Disney's Comeback Is Gaining Momentum

Inside Out 2 is great but streaming is the bigger story.

Asymmetric Schedule Update: The holiday week has thrown off the publishing schedule a bit. On Monday, premium subscribers received my Asymmetric Portfolio buys for the month. Yesterday was a holiday in the U.S. and there was no article.

Today is a free article and tomorrow I have a special announcement.

Next week, I’ll be back to the normal Thursday thru Sunday schedule.

This article builds on the Disney Spotlight article published on August 19, 2023.
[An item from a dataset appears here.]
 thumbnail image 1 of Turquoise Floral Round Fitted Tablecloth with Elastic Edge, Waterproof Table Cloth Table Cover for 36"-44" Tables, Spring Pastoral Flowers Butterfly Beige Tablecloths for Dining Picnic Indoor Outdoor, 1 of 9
A year ago, Disney’s stock was almost toxic to investors. The company was bleeding money in streaming, cable was losing subscribers, and debt was becoming a huge problem as interest rates rose.

Since then, Disney has reported a sharp rise in free cash flow and streaming is now profitable (barely). Cable is still dying, but it’s still generating cash flow. Shares are only up 14.8% since the spotlight, which lags the market, but the business has turned a sharp corner and the growth strategy is playing out nicely.

Then there’s the recent hit Inside Out 2, which has a chance to be the highest-grossing movie of 2024.

Despite the media narrative that Disney’s studios are out of touch and its streaming service is getting crushed by Netflix, Disney is hitting on all cylinders in the second Bob Iger era.

The Foundation — Parks and Experiences

Any update on Disney needs to start with parks and experiences. This is the company’s differentiator from Netflix, YouTube, and every other streaming TV company. No one can match Disney’s experiences operations, which generated $9.6 billion in operating income over the past year — more than the $7.9 billion in operating income that Netflix generated as a company.

We can quibble about how quickly cable is dying or if streaming is growing fast enough or the content Disney is making each year, the parks are a money-making machine and that’s the foundation of the business and any investment in Disney.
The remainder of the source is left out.